In this assignment we will learn how to use DataBrick's GraphFrames library for graph-parallel computation in the Spark ecosystem. GraphFrames is a package for Apache Spark which provides DataFrame-based Graphs. It provides high-level APIs in Scala, Java, and Python. It aims to provide both the functionality of GraphX and extended functionality taking advantage of Spark DataFrames.
We strongly encourage you to go through the GraphFrames user guide before starting this assignment. This guide should give you a comprehensive overview of GraphFrames' programming model.
After completing this programming assignment, you should be able to:
As usual, you will complete your assignment in CloudLab. Please refer to Assignment 0 to learn how to use CloudLab.
Similar to Assignment 1, you will continue to use the “378-s22-assignment1” profile under the “UT-CS378-S22” project for you to start your experiment.
Follow the instructions in Assignments 0 and 1 to setup HDFS and Spark. After setting up Hadoop and spark, setup the properties for the memory and CPU used by Spark applications. Set Spark driver memory to 30GB and executor memory to 30GB. Set executor cores to be 5 and number of cpus per task to be 1. Document about setting properties can be found here.
GraphFrames is available in Spark as an Spark package. In order to incorporate GraphFrames in your spark program, you will have to specify which packages to use when you create a SparkSession. Specifically, create a SparkSession as follows:
import pyspark
sparkSession = pyspark.sql.SparkSession.builder.appName("MyApp").config("spark.jars.packages", "graphframes:graphframes:0.8.2-spark3.2-s_2.12").getOrCreate()
This would allow you to use various GraphFrames constructs in your program.
It is also possible to import a Spark package via spark-submit
. Please see this post for more details.
For this part of this assignment, write an application that implements the PageRank algorithm using the various constructs that GraphFrames provides. Please use the summarized algorithm you implemented in Assignment 2.
Note: Your application cannot use the built-in GraphFrames PageRank object.

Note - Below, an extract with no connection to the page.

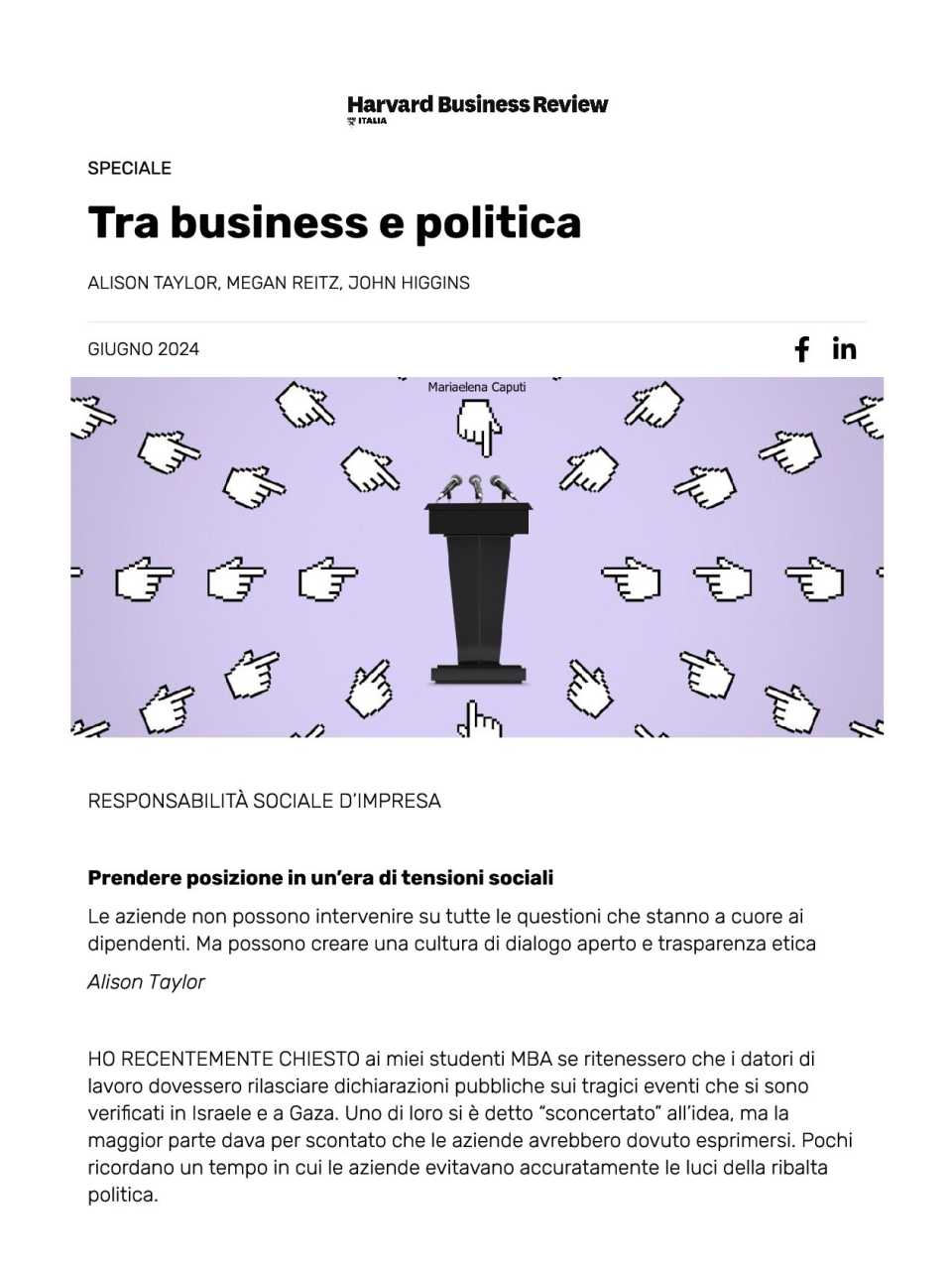 Tra business e politica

Similar to Assignment 2, we will be using the Berkeley-Stanford web graph dataset for this assignment. You are required to execute the algorithm for a total of 10 iterations. Each line in the dataset consists of FromNodeId and one of it's neighbors. You are required to copy this file to HDFS.
Task 1. Implemet the PageRank application using the GraphFrames constructs.
Task 2. Compare your GraphFrames application's runtime to that of the PageRank program you wrote in Assignment 2.
Task 3. Based on the tasks above, does GraphFrames provide additional benefits while implementing the PageRank algorithm? Explain and reason out the difference in performance in your report, if any.
You should submit a tar.gz file to canvas, which consists of a brief report (filename: groupx.pdf) and the code of you PageRank implementation (you are in your groups on canvas so only 1 person should need to submit it). Also include a run.sh
script for each part of the assignment that can re-execute your code on a similar CloudLab cluster or a detailed README about how we should execute your code.